Page 1 of 2 - find out great fitness programs for pear, hourglass and banana body types on page 2.Body type: Pear
Characteristics:
• Bottom heavy
• Carrying extra weight on hips, thighs and bottom
• Defined waist

Celeb pears: Jennifer Love Hewitt, Jennifer Lopez, Beyoncé

Common fitness complaints:
• Junk in the trunk!

Your fitness solution:
• Even if it's your hips that are bugging you, your prescription is a full-body workout, Churchill says. Cardio and weight training will kick your metabolism into high gear. "Add in lower body exercises like lunges and squats," Churchill says, to tone trouble areas.

Body type: Hourglass
Characteristics:
• Classically curvy with evenly balanced upper and lower body
• Defined, nipped-in waist

Celeb hourglasses: Halle Berry, Kate Winslet, Salma Hayek

Common fitness complaints:
• Although commonly considered the most coveted body shape, Churchill reports her hourglass-shape clients often complain of back pain (often from bad posture or a heavy bust).

Your fitness solution:
• Work in about 35 to 45 minutes of cardio, then move on to weight training, Churchill suggests.

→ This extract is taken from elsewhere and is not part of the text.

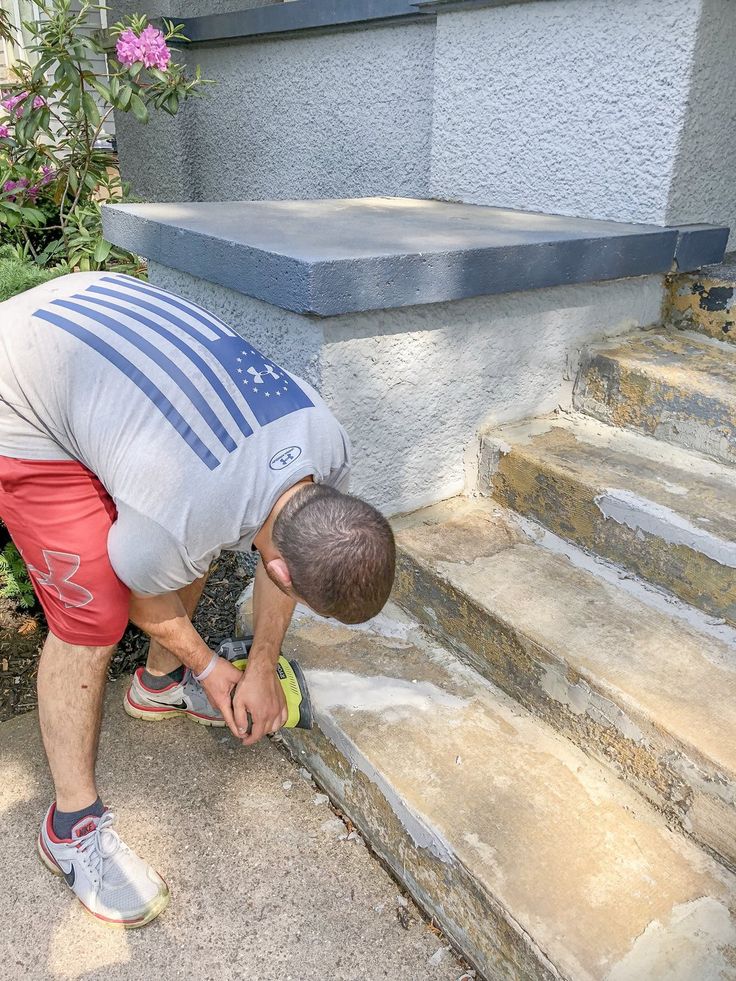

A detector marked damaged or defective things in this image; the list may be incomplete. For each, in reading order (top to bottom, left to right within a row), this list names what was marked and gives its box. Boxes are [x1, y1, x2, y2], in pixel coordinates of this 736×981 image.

peeling paint [596, 488, 736, 568]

• "Build your core strength and strengthen your back muscles," with seated rows, chest presses using hand weights while seated on a bench or balance ball, or floor exercises like planks.

Body type: Banana
Characteristics
• A non-curvy rectangular build
• Evenly balanced upper and lower body with minimal waist definition
• Build ranges from boyish model-type to sturdier athletic build

Celeb bananas: Cameron Diaz, Hilary Duff, Sheryl Crowe

Common fitness complaints:
• Not enough curves

Your targeted solution:
• "Broaden your shoulders, tone your butt and bring your waist in" to create a toned but curvier-looking figure, Churchill advises. Overhead presses and upright rows will work your shoulders. Squats and lunges will help tone your butt, hips and thighs. Tighten your midsection with core work.

• Combine cardio and weight training in every workout. Many bananas fear weight lifting might cause them to bulk up, but it's unlikely you'll train hard enough (or consume enough protein) to get that effect, Churchill says. But you will gain lean muscle – which in turn will speed up your metabolism to burn more fat.